Spoiler: Napoleon did have a pet kangaroo. (True story. Look it up.)
Why this happens:
Language models are overconfident guessers. They answer from memory, not research.
Without retrieval (looking things up), they’re like students who skip the library and bluff essays.
The Fix: Give Chatty a Library Card
To stop hallucinations, we need to teach Chatty to retrieve facts before answering—like a librarian who cross-references books.
Manual Approach: Beg the model to “search the database first.”
Result: Chatty writes a poem about databases and ignores them.
DSPy Approach: Program retrieval into the system. No begging.
Step 1: Build the AI Librarian
Let’s upgrade our FactCheck
module with a retrieval step. Think of it as forcing Chatty to visit the library before answering.
class FactCheckWithRetrieval(dspy.Module):
def __init__(self):
super().__init__()
# Step 1: Retrieve 3 relevant facts (like grabbing 3 books)
self.retrieve = dspy.Retrieve(k=3)
# Step 2: Chain of Thought: "Hmm, let me check the books..."
self.generate_answer = dspy.ChainOfThought("claim, context -> is_correct, explanation")
def forward(self, claim):
# Fetch context (books)
context = self.retrieve(claim).passages # "Go find 3 relevant facts!"
# Generate answer using context
return self.generate_answer(claim=claim, context=context)
What’s happening:
dspy.Retrieve(k=3)
: “Chatty, fetch 3 relevant passages for this claim.”- Works with any database (Wikipedia, your internal docs, etc.).
dspy.ChainOfThought
: Forces the model to reason using the context.- “First, I’ll check the retrieved facts. Then, I’ll conclude…”

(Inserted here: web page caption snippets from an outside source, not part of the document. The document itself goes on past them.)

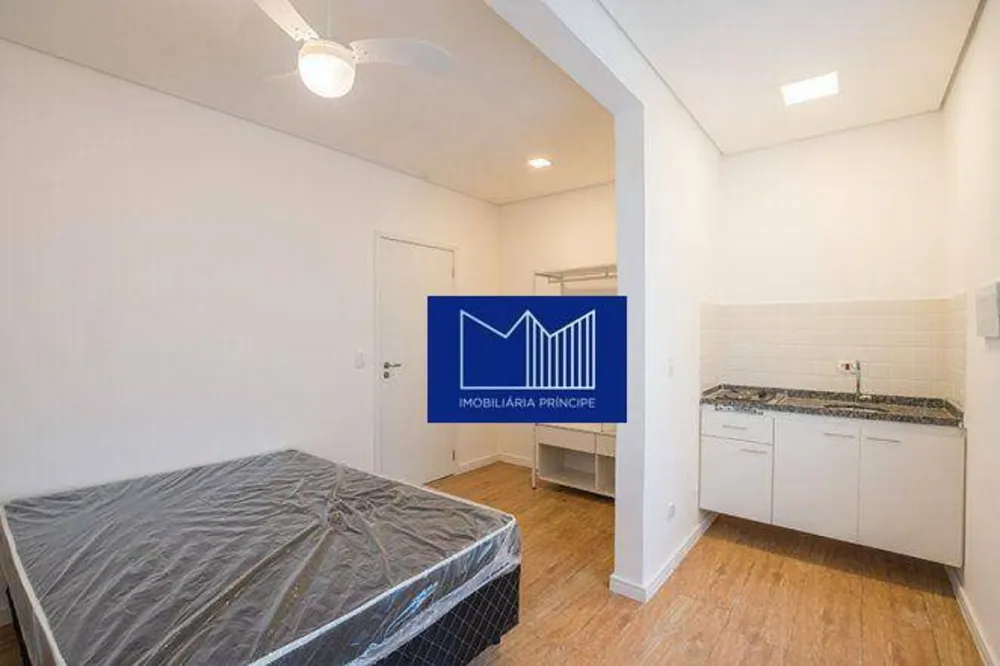 Kitnet-Studio, 20 m² - Foto 3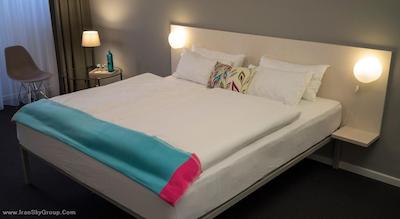 هتل بیگ معما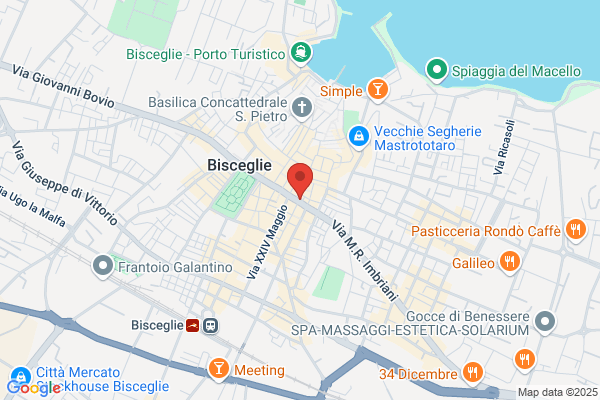 Tarallificio Antichi Sapori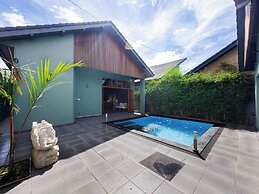 Villa Manggis Ubud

Step 2: Train the Librarian
Let’s compile the module with examples. DSPy will learn when to retrieve and how to use the context.
trainset = [
dspy.Example(
claim="Napoleon had a pet kangaroo",
context=["Napoleon's menagerie included a kangaroo gifted by Australia in 1803."],
is_correct=True,
explanation="Historical records confirm the kangaroo was part of his collection."
),
# More examples...
]
teleprompter = dspy.teleprompt.BootstrapFewShot()

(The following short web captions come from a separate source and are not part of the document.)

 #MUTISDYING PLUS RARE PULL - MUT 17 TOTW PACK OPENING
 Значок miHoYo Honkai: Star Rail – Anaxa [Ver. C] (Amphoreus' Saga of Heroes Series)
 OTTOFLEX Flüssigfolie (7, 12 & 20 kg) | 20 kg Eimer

compiled_factcheck = teleprompter.compile(FactCheckWithRetrieval(), trainset=trainset)
What DSPy does:
Learns retrieval triggers: “If the claim involves historical facts, retrieve from the history database.”
Optimizes reasoning: “After retrieving, compare the claim to the context before answering.”
Step 3: Test the Librarian
Let’s ask about Napoleon’s kangaroo:
response = compiled_factcheck(claim="Napoleon had a pet kangaroo")
print(response.explanation)
Output:
“True. Napoleon received a kangaroo as a gift from Australia in 1803, documented in historical records.”
No more bluffing! Chatty now:
Retrieves facts.
Reasons over them.
Answers grounded in evidence.
Why This Beats Manual Prompt Engineering
Manual Approach:
prompt = """
Verify this claim: {claim}.
Steps:
1. Search the database for relevant facts.
2. Compare the claim to the facts.
3. If unsure, say 'Unknown'.
"""
# Chatty’s response: "Step 1: I love databases! Let me write a song about them instead."
DSPy Approach:
Retrieval is programmatic: No need to beg—the
Retrieve
module forces the model to fetch data.Reasoning is structured:
ChainOfThought
breaks the task into steps, like a teacher guiding a student.
The Bigger Picture: DSPy Is a LEGO Master
DSPy modules (Predict
, Retrieve
, ChainOfThought
) snap together like LEGO bricks. Want to add a fact-checking step? Just plug in another module:
self.validate_sources = dspy.Predict("context -> is_reliable")
No more fragile pipelines. DSPy compiles the entire workflow into a robust system.
What’s Next?
Our librarian is now reliable… until it meets ambiguous claims (“Some say Earth is flat”) or trolls (“Bananas are a government spy tool”).
In Part 4, we’ll arm Chatty with assertions and safeguards to handle chaos. Sneak peek:
dspy.Assert(
len(context) > 0,
"Don’t answer if you have no sources!"
)
TL;DR: DSPy doesn’t just ask models to be truthful—it programs them to be. Retrieval + reasoning = hallucinations evicted.
Stay tuned for Part 4, where we’ll teach Chatty to say “I don’t know” (and shut down conspiracy theories).
Homework: Try the code above with a claim like “Einstein invented the internet.” Watch DSPy retrieve facts about Einstein (no, he didn’t) and Tim Berners-Lee (sort of). Magic? No—just good engineering.